This is about how to do research in the wireless communications area. We need to understand a lot of concepts and theories by heart to be a researcher in the field of wireless communications.
However, it is very unfortunate that these are not enough to be an independent researcher in the 21st century. The world of wireless communications is moving extremely fast. Researchers are forced to learn lots of new concepts and methodologies to conduct their work.
I have an ambition to post a series of articles introducing “buzz words” in wireless research community. It will touch a light side of various topics including mathematical tools, research methods, system concepts, and marketing terms. The items will be what I need to learn rather than what I already know.
Nice idea Ki Won! I am already waiting for your next post in this series :)
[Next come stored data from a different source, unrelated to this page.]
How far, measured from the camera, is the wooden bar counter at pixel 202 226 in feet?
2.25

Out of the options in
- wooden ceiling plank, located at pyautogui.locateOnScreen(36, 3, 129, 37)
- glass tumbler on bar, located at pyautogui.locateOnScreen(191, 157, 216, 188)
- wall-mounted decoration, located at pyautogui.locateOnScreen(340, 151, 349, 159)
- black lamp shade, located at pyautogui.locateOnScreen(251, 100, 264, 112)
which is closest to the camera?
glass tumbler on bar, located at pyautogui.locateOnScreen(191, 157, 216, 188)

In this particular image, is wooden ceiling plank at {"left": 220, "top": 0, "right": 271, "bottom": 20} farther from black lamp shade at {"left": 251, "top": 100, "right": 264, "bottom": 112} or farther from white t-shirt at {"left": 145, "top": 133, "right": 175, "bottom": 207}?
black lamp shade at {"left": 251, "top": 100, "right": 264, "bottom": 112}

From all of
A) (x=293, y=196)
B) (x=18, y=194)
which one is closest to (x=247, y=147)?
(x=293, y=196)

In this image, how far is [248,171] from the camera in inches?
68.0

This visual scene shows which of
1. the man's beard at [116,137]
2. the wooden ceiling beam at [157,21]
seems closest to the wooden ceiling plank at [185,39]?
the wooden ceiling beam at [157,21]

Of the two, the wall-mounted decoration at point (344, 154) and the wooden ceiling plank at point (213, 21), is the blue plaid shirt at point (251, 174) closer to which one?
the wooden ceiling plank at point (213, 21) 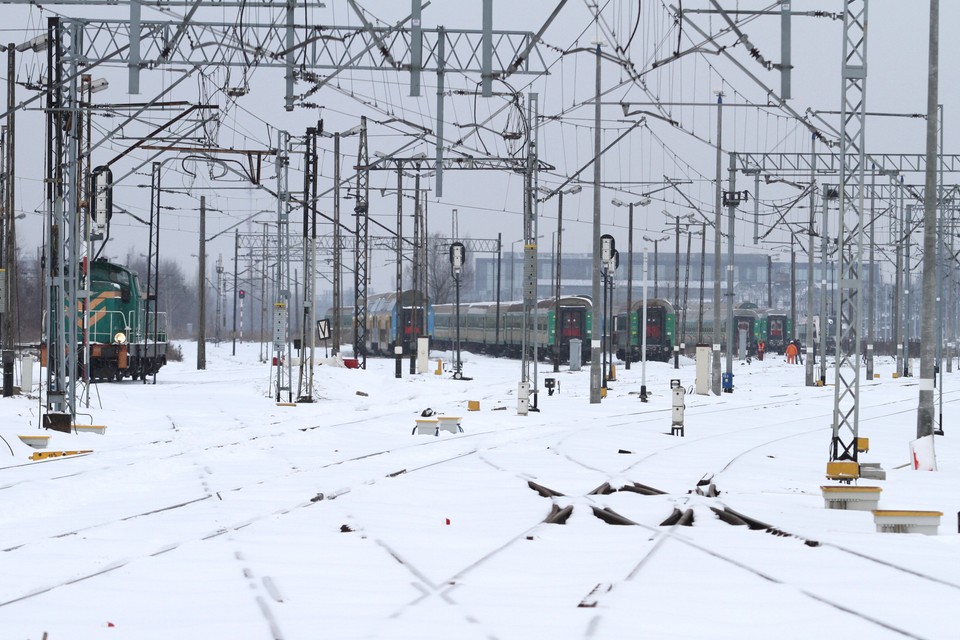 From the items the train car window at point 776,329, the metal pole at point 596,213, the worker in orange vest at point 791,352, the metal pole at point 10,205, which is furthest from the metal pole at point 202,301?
the train car window at point 776,329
That is so true when you say “it is very unfortunate that these are not enough to be an independent researcher in the 21st century”. There are still so many new concepts to learn; when you think you are almost done with the list you make your self to learn (led by the pace of technological development in wireless communications) you find out that your knowledge is out-dated and need to take in what is new out there.
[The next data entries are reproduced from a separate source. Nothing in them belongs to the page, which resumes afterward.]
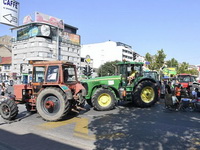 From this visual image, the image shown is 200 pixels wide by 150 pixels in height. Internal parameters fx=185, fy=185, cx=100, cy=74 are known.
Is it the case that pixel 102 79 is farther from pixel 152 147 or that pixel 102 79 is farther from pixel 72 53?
pixel 72 53

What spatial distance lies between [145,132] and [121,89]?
12.5ft

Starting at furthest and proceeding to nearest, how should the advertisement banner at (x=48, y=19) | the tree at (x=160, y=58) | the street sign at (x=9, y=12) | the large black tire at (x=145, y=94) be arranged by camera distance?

I am looking forward for the series of articles that you are thinking to publish… =)
@Pamela, you are already on the cutting edge, which means you will be familiar with most of my postings :)
Very good idea Ki Won :) I think we are a bit unlucky about our research area which is maybe the most dynamic area in academic world. So we also need very dynamic learning mechanism. Your upcoming posts will be very helpful for us Ki Won. I am also looking forward to reading them :)
Well, I guess this is like most areas of science that begins in a narrow corner – here it is probably wireless transmission over fading channels in the late 70’s – but expands over a wide area making it impossible for one person to master all aspects. What you need is “abstractions” or “black boxes” – simple models for complex things that you can use to cover up those parts of the complexity that you are not interested in doing research in right now. For instance, if you are studying congestion in wireless multiple access protocols, you are not likely interested in exactly what algorithm is used for error correction in you codec. This is an absolute necessity to maintain efficiency (and sanity ;-) ) in research. The tricky part is always that sometimes you stretch the assumptions about what goes on in the black boxes to an extent that the abstraction no longer works. You need to know at least a bit of the inner workings to know. Sometimes a simple explanation of a “buzzword” may not be enough for this (you need actually to understand what goes on) , sometime we can even care less about the “buzzword”.
Diversity (user, space, frequency, time) was an important keyword, over the decade.